29 points by danaw on Oct 10, 2013 | hide | past | favorite | 41 comments
I'm curious if anyone out there knows of a tool or service that can serve as a unified inbox for email, Facebook messages, Twitter mentions/DMs, text messages, IM, etc?

I've always wanted something like this but I'm not sure if the problem just applies to me or if someone else has solved this problem already.



I think we call 'em smartphones. THose are the only things I know of that give a unified inbox view: at least for WP8 and BB10, they tie in contacts and conversations across mutliple social and email platforms and give you combined views.

However, you raise a good point - a nice cross-platform solution for desktop use would be a great thing to have. It's kind of odd that it's been done so well for phones, but barely touched for desktop.

One problem related will be the constant influx of 'services that may be interesting', with disparate APIs - any solution should have a good plugin system.

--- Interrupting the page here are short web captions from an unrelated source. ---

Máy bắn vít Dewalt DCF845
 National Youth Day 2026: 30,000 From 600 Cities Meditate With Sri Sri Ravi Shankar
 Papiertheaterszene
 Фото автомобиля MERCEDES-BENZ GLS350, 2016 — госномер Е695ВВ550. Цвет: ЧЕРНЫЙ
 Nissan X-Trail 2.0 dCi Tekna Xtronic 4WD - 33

The Blackberry Hub (i.e., the unified inbox) is one of two reasons I'm still using a Blackberry (the other reason, of course, is the physical keyboard).


I agree that this is a problem on the desktop. However, it is the main reason I stick with my BlackBerry Z30: the unified inbox.


I use Bitlbee as a unified messaging platform and it works great for me: http://www.bitlbee.org/main.php/news.r.html

Obviously it's a little neckbeard-ey but once you get it setup, it's awesome to have AIM, FB, Google Chat, HipChat, Campfire (and any other Jabber account) all in one little box.

The only thing it's missing for me is iMessages support.

You can also wire up Twitter with it, but I found it too tricky to parse tweets without avatars / inline images, etc.


Looks pretty sweet, especially for IM, but doesn't have Email which is important, at least for my usecase. Thanks for sharing it!


Yeah, no email. I use mutt for that :)

Sure thing!


It's a great idea. I had the idea for a unified messaging service, where you would have one client that connected to Google Chat, Facebook Chat, Skype, IM and SMS. When you wanted to talk to someone, it would communicate using the best service.

But then I bought a MacBook, and Apple's 'Messages' app does everything I need it to. It's IM when both parties are online, and SMS otherwise.

I would also love to see something that tries to unify Reddit, Hacker News, and Google News, although I'm not sure how it could be done.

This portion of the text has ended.